International Summer School

   From Genome to Life:

    Structural, Functional and Evolutionary approaches

 


LAPPE Michael

EMBL, EBI, Wellcome Trust Genome Campus, Hinxton, Cambridge CB10 1SD, United Kingdom

title: Probabilistic Inference of / with Protein-Protein Interaction Networks

Michael Lappe*, Sabine Dietmann, Liisa Holm

We present a framework to generate comprehensive overviews of protein-protein interactions. In the post-genomic view of cellular function, each biological entity is seen in the context of a complex network of interactions. Accordingly, we model functional space by representing protein-protein-interaction data as undirected graphs. We suggest a general approach to generate interaction maps of cellular networks in the presence of huge amounts of fragmented and incomplete data, and to derive representations of large networks which hide clutter while keeping the essential architecture of the interaction space. This is achieved by contracting the graphs according to domain-specific hierarchical classifications. We generate protein-protein Interaction Maps by "pooling" interactions using a hierarchical classicifcation of structures (i.e. Structural Classification of Proteins SCOP, Dali Domain Dictionary DDD) or a functional classification like the Gene Ontology (GO). This trades a gain in generality for a loss in specificity and allows us to make predictions in the absence of any chracterised homologous protein. The key concept here is the notion of induced interaction, which allows the integration, comparison and analysis of interaction data from different sources and different organisms at a given level of abstraction.

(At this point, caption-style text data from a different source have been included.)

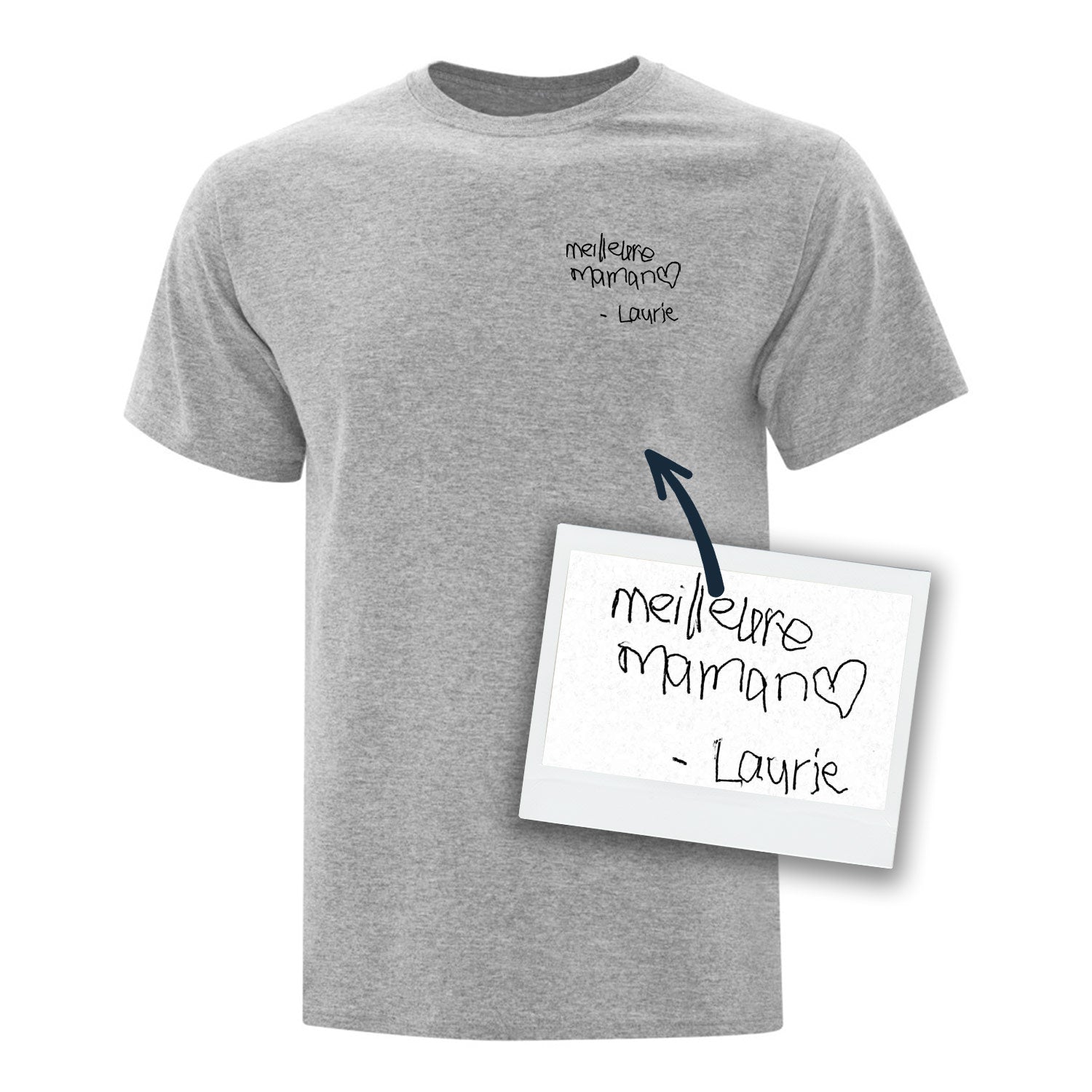 t-shirt à manches courtes gris pâle avec une écriture personnalisée brodée écrite à la main par un proche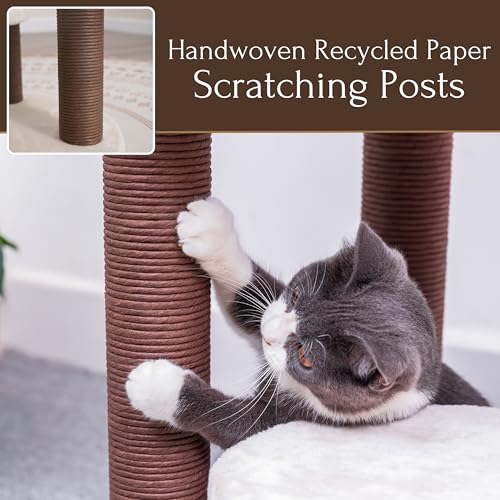 Handwoven Cat Tree with Basket Bed & Replaceable Scratching Posts (Cream and Brown)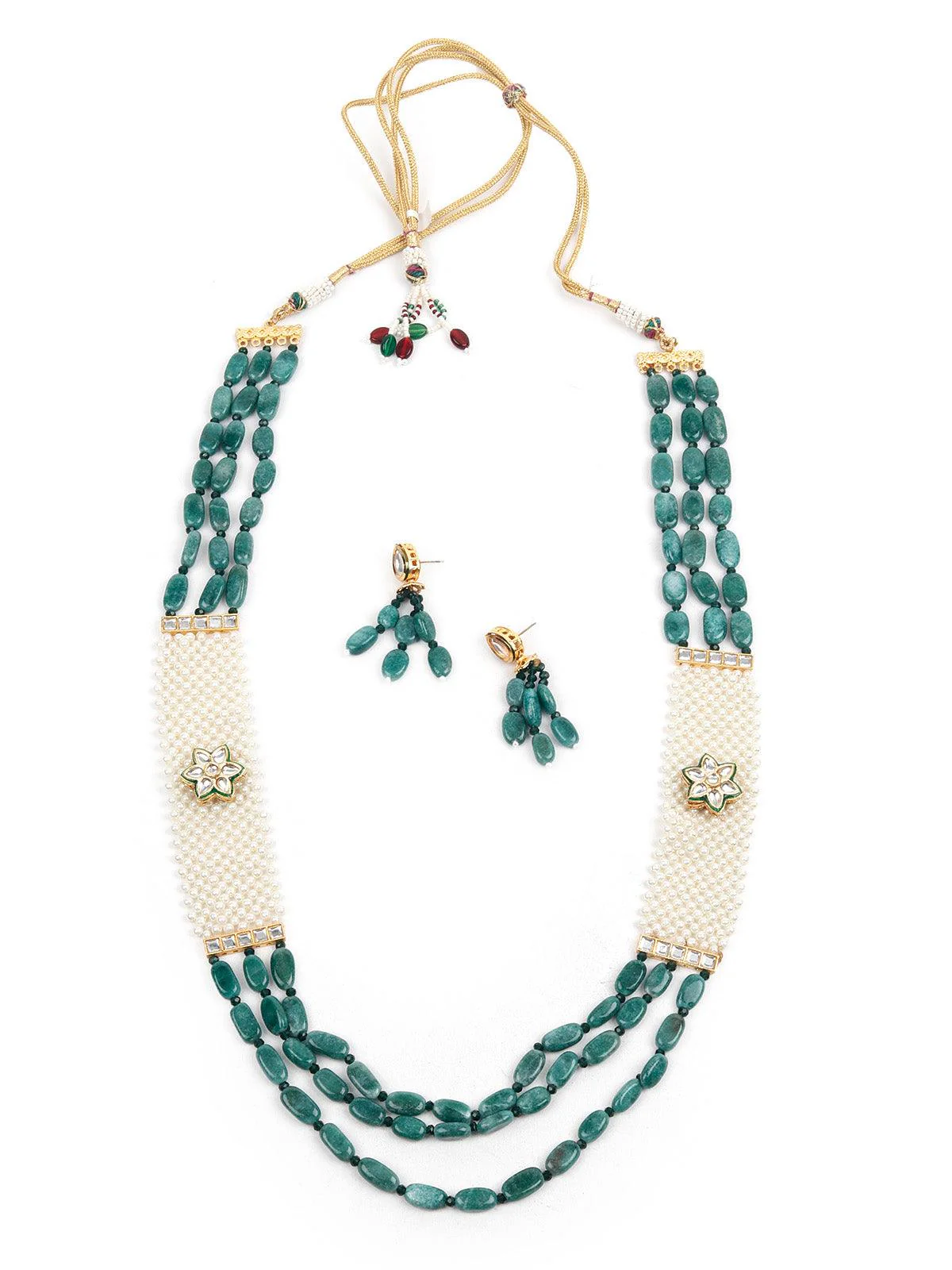 Odette Women Designer Stones And Kundan Necklace Set - Image 3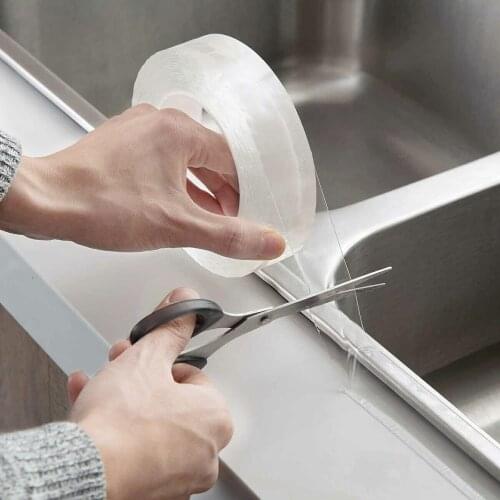 1pcs transparent acrylic kitchen sink waterproof and moisture-proof sticker 30mm * 3M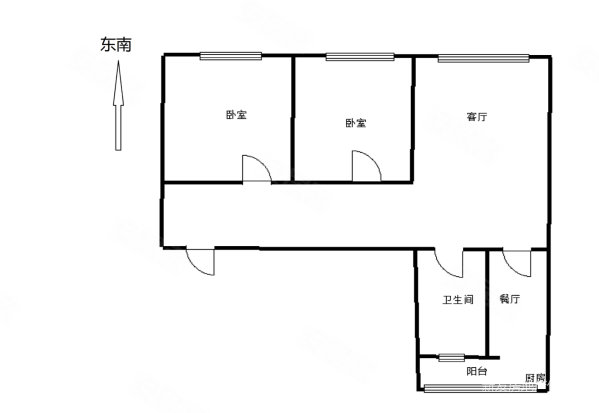 省医院宿舍(红旗)2室2厅1卫71㎡南北50万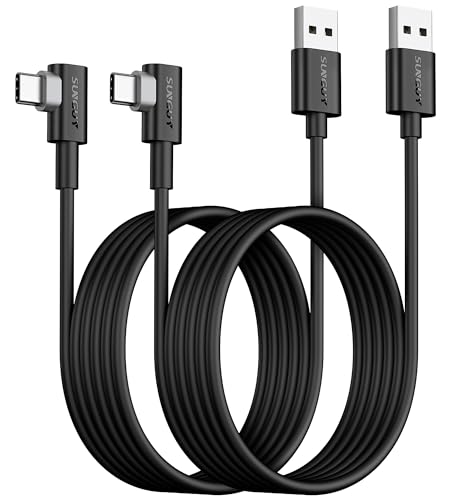 Image of SUNGUY USB C Cable 90 Degree 6FT, 2-Pack Right Angle 3A Fast Charging & Data Sync USB A to USB C Cord Compatible for Samsung Galaxy S21 S20 S10 S9 S8 Plus, Note 20 10 9 8, LG V50 V40 G8 G7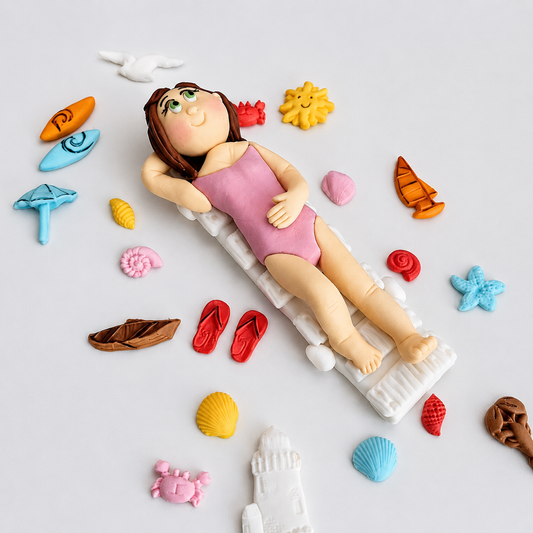 Edible woman on the beach sunbathing cake topper,fondant icing decoration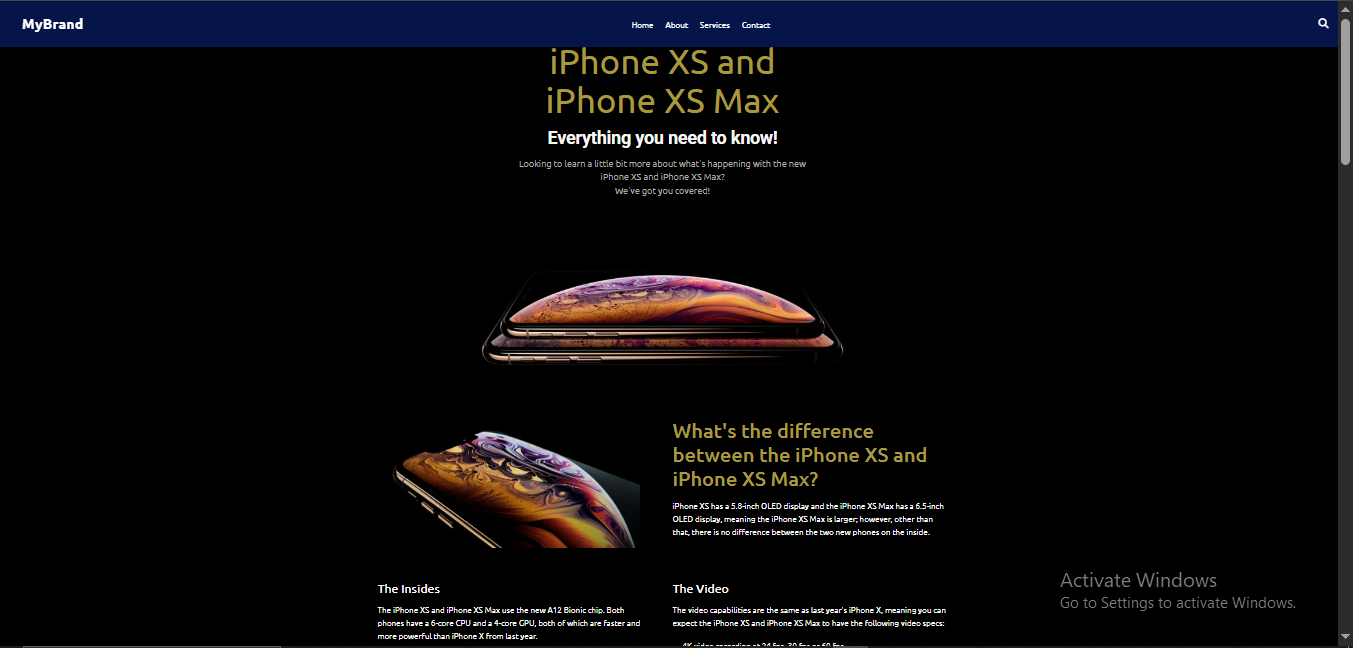 Creative Landing Page for the Iphone X series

While the classical paradigm is based on the idea that a similar sequence features imply similar structural and functional features, we base our predictions on the concept that similar interaction patterns imply similar structure and function. We apply this approach to compute the higher-level networks from several sets of interaction data. The architecture of this network is scale-free, as frequently seen in biological networks, and this property persists through many levels of abstraction. Connections in the network can be projected downwards from higher levels of abstraction down to the level of individual proteins. As an example, we describe an algorithm for fold assignment by network context. This method currently predicts protein folds at 55-90% accuracy without any requirement of detectable sequence similarity of the query protein to a protein of known structure. We used this algorithm to compile a list of structural assignments for previously unassigned genes from yeast. Finally we discuss ways forward to use interaction networks for the prediction of novel protein-protein interactions as well as the validation of high-throughput interaction data.